To comment on the following update, log in, then open the issue:
http://www.openoffice.org/issues/show_bug.cgi?id=61459
Issue #:|61459
Summary:|Hunspell 1.1.3 with some new fixes
Component:|lingucomponent
Version:|OOo 2.0.1
Platform:|All
URL:|
OS/Version:|All
Status:|NEW
Status whiteboard:|
Keywords:|
Resolution:|
Issue type:|PATCH
Priority:|P3
Subcomponent:|spell checking
Assigned to:|nemeth
Reported by:|nemeth
------- Additional comments from [EMAIL PROTECTED] Tue Jan 31 16:47:27 -0800
2006 -------
In the CWS "hunspell01".
Improvements: tokenisation and COMPOUNDRULE fixes, improved suggestions
and German ß handling. Optional alias compression in data files (useful for
Arabic dictionary and other affix rich languages).
Changelog:
2006-01-30 Németh László <[EMAIL PROTECTED]>:
* src/parsers/textparser.cxx: fix Unicode tokenization in is_wordchar()

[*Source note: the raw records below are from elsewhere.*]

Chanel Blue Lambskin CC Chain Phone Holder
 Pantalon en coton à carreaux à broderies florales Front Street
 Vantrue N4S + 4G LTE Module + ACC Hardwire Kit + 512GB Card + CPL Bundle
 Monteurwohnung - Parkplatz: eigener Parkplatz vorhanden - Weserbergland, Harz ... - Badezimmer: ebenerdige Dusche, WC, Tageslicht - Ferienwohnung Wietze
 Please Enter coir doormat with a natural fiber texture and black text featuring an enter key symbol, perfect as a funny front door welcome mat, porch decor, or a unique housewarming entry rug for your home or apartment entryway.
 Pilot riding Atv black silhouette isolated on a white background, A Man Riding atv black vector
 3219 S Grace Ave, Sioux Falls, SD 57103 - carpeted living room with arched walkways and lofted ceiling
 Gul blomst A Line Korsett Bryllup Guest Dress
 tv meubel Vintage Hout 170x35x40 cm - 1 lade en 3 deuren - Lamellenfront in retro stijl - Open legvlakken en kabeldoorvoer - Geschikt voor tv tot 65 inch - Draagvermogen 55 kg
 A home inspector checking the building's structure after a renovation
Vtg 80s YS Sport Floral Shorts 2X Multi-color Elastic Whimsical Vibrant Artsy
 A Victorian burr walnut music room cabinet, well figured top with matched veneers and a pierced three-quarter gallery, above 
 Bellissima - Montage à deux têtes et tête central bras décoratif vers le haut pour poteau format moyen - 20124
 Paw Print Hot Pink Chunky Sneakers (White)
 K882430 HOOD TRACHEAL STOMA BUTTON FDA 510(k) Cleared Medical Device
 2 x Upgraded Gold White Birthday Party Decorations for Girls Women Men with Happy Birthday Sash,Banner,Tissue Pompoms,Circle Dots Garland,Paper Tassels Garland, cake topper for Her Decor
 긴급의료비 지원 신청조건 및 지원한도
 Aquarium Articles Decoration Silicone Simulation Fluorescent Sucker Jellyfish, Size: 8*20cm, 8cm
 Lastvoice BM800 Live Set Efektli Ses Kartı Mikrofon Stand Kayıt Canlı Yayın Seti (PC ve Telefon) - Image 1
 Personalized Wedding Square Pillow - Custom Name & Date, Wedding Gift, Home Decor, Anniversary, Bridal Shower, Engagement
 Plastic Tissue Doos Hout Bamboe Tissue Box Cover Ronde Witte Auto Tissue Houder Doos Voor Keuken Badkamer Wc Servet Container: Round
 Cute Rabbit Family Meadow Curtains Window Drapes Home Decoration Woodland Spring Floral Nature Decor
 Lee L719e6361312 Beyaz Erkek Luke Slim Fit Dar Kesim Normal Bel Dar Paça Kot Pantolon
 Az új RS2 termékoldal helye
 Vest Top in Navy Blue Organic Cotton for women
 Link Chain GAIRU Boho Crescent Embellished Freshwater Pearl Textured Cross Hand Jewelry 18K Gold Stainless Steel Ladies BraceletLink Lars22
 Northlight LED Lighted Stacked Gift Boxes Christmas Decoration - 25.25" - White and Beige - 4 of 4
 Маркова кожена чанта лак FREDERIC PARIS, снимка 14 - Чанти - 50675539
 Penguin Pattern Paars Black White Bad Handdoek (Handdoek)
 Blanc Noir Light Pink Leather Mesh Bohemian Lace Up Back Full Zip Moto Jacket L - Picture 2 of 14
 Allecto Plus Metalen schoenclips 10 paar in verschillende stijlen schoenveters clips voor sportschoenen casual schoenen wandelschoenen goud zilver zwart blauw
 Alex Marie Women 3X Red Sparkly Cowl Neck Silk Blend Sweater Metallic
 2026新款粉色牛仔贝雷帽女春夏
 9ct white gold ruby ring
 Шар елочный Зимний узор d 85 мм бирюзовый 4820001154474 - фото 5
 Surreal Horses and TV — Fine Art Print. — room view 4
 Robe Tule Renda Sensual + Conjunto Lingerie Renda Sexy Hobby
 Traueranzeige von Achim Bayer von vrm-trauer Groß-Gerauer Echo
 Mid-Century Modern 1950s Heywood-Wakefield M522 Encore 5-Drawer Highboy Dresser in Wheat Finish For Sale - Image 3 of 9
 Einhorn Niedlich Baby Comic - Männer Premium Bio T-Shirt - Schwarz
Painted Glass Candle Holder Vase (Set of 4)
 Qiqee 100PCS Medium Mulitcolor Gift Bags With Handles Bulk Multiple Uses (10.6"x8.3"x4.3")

(extra word characters (WORDCHARS) didn't work on big-endian
platforms).
* src/hunspell/{csutil,affixmgr}.cxx: inline isSubset(), isRevSubset():
little speed optimalisation for languages with rich morphology.
* src/tools/hunspell.cxx: fix bad --with-ui and --with-readline
compiling
when (N)curses is missing. Reported by Daniel Naber.
2006-01-19 Tor Lillqvist <[EMAIL PROTECTED]>
* src/hunspell/csutil.cxx: mystrsep(): fix locale-dependent isspace()
tokenisation
2006-01-06 András Tímár <[EMAIL PROTECTED]>
* src/hunspell/{hashmgr.hxx,hunspell.cxx}: fix Visual C++ compiling
errors
2006-01-05 Németh László <[EMAIL PROTECTED]>:
* COPYING: set GPL/LGPL/MPL tri-license for Mozilla integration.
Rationale: Mozilla source code contains an old MySpell version
with GPL/LGPL/MPL tri-license. (MPL license is a copyleft license,
similar
to the LGPL, but it acts on file level.)
* COPYING.LGPL: GNU Lesser General Public License 2.1 (LGPL)
* COPYING.MPL: Mozilla Public License 1.1 (MPL)
* license.hunspell, src/hunspell/license.hunspell: GPL/LGPL/MPL
tri-license
* src/hunspell/{affixmgr,hashmgr}.*: AF, AM alias definitions in affix
file:
compression of flag sets and morphological descriptions (see manual,
and tests/alias* test files).
Rationale: Alias compression is also good for loading time and memory
efficiency, not only smaller resources.
* src/tools/makealias: alias compression utility
(usage: ./makealias file.dic file.aff)
* tests/alias{,2,3}: AF, AM tests
* man/hunspell.4: add AF, AM documentation
* src/hunspell/affentry.cxx, atypes.hxx: add new opts bits (aeALIASM,
aeALIASF)
* tools/hunspell, src/parser/*, src/hunspell/*: Hunspell program
tokenizes Unicode texts (only with UTF-8 encoded dictionaries).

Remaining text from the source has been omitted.